APT: Adaptive Perceptual quality based camera Tuning using reinforcement learning

Cameras are increasingly being deployed in cities, enterprises and roads world-wide to enable many applications in public safety, intelligent transportation, retail, healthcare and manufacturing. Often, after initial deployment of the cameras, the environmental conditions and the scenes around these cameras change, and our experiments show that these changes can adversely impact the accuracy of insights from video analytics. This is because the camera parameter settings, though optimal at deployment time, are not the best settings for good-quality video capture as the environmental conditions and scenes around a camera change during operation. Capturing poor-quality video adversely affects the accuracy of analytics. To mitigate the loss in accuracy of insights, we propose a novel, reinforcement-learning based system APT that dynamically, and remotely (over 5G networks), tunes the camera parameters, to ensure a high-quality video capture, which mitigates any loss in accuracy of video analytics. As a result, such tuning restores the accuracy of insights when environmental conditions or scene content change. APT uses reinforcement learning, with no-reference perceptual quality estimation as the reward function. We conducted extensive real-world experiments, where we simultaneously deployed two cameras side-by-side overlooking an enterprise parking lot (one camera only has manufacturer-suggested default setting, while the other camera is dynamically tuned by APT during operation). Our experiments demonstrated that due to dynamic tuning by APT, the analytics insights are consistently better at all times of the day: the accuracy of object detection video analytics application was improved on average by ∼ 42%. Since our reward function is independent of any analytics task, APT can be readily used for different video analytics tasks.
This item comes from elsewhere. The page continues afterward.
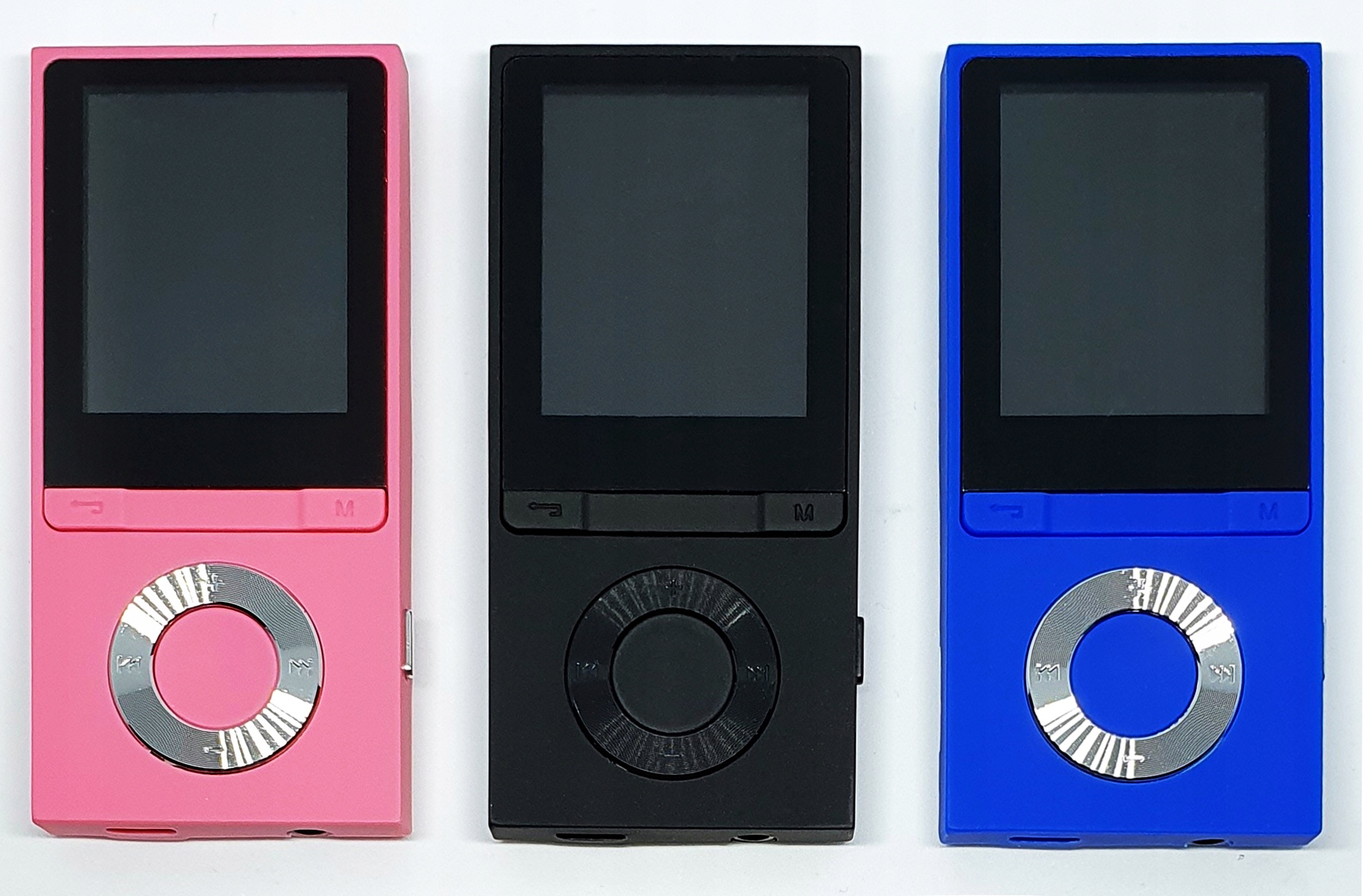 MP4 B6 16GB 1,8" microSD BT czarny Marka Ravo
DataX Allocator: Dynamic resource management for stream analytics at the Edge

Serverless edge computing aims to deploy and manage applications so that developers are unaware of challenges associated with dynamic management, sharing, and maintenance of the edge infrastructure. However, this is a non-trivial task because the resource usage by various edge applications varies based on the content in their input sensor data streams. We present a novel reinforcement-learning (RL) technique to maximize the processing rates of applications by dynamically allocating resources (like CPU cores or memory) to microservices in these applications. We model applications as analytics pipelines consisting of several microservices, and a pipeline’s processing rate directly impacts the accuracy of insights from the application. In our unique problem formulation, the state space or the number of actions of RL is independent of the type of workload in the microservices, the number of microservices in a pipeline, or the number of pipelines. This enables us to learn the RL model only once and use it many times to improve the accuracy of insights for a diverse set of AI/ML engines like action recognition or face recognition and applications with varying microservices. Our experiments with real-world applications, i.e., face recognition and action recognition, show that our approach outperforms other widely-used alternative approaches and achieves up to 2.5X improvement in the overall application processing rate. Furthermore, when we apply our RL model trained on a face recognition pipeline to a different and more complex action recognition pipeline, we obtain a 2X improvement in processing rate, thus showing the versatility and robustness of our RL model to pipeline changes.